Pour approfondir ses premiers résultats, l’équipe du LIBM a lancé en 2019 une nouvelle campagne d’observation. « Nous avons recruté 75 coureurs, dont 40 % de coureuses, décrit Guillaume Millet. Puis nous avons effectué des mesures avant et après cinq courses couvrant des distances de 40 à 170 km. » Objectif de ces mesures : vérifier si l’écart de fatigue musculaire observé entre hommes et femmes s’accentue lorsque la course s’allonge. Les premiers résultats seront disponibles en 2020.

L’un des problèmes rencontrés par les chercheurs lors de l’analyse des données est le manque de publications sur les sportives. « La plupart des études sur les sportifs d’ultra-trails s’effectuent sur les hommes, et on suppose que les résultats sont valables pour les deux sexes », expose le chercheur. Or la fatigue musculaire s’exprime peut-être différemment en fonction de la période du cycle menstruel des sportives, et peu de données dans le corpus scientifique permettent de pondérer les résultats selon ce facteur. « Il reste tout à faire, cela représente énormément de travail », assure Guillaume Millet.

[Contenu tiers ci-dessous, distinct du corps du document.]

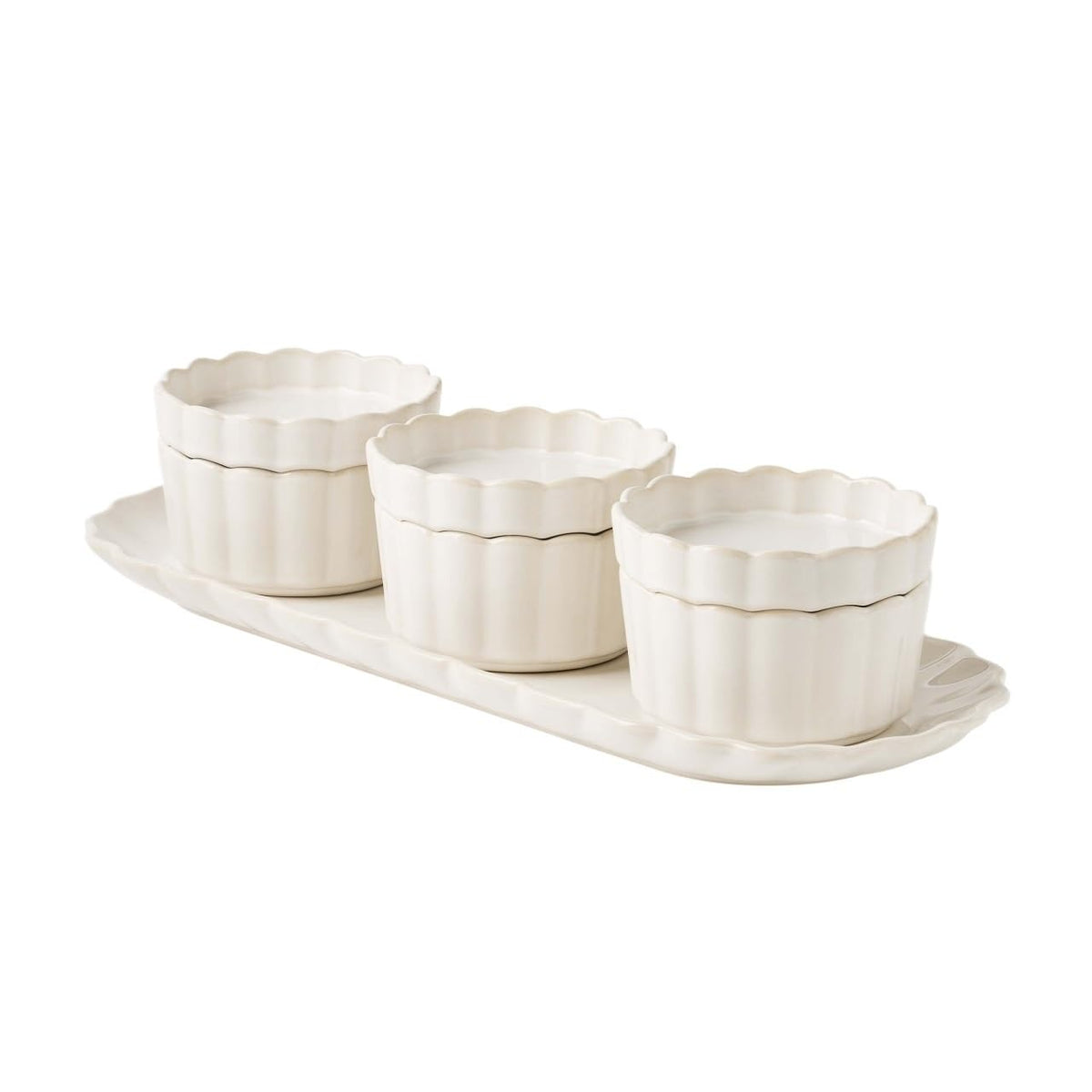 Cream Colette Style Serving Tray Set With 3 Bowls And Matching Lids, Multi-Purpose Ceramic Snack For Dips, Sauces And Table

« Il a été, par ailleurs, difficile de recruter des femmes pour l’étude, ajoute-t-il. Il n’y a que sur ce genre de courses que les femmes gagnent devant tous les hommes, mais c’est aussi là qu’elles sont le moins nombreuses. » Sur certaines compétitions, les femmes représentent parfois à peine 10 % des participants, ce qui rend difficile la comparaison entre sportifs et sportives de niveau égal. Or, depuis 1967, date de la première participation d’une femme à un marathon –  en l’occurrence Kathrine Switzer, qui courut celui de Boston sans y être autorisée  –, on sait que les femmes n’ont aucun problème physiologique à tenir de longues distances. « Les raisons de leur absence sur ce type de courses sont donc d’ordre sociologique ou psychologique », en conclut Guillaume Millet. Il cite, entre autres explications possibles, l’autocensure, des charges plus importantes dans la vie quotidienne alors que l’entraînement pour ce type de course est très prenant, ou encore un besoin moins présent de prouver qu’elles sont capables de ce genre d’exploit sportif. « Mais là, ce n’est plus mon domaine », sourit-il.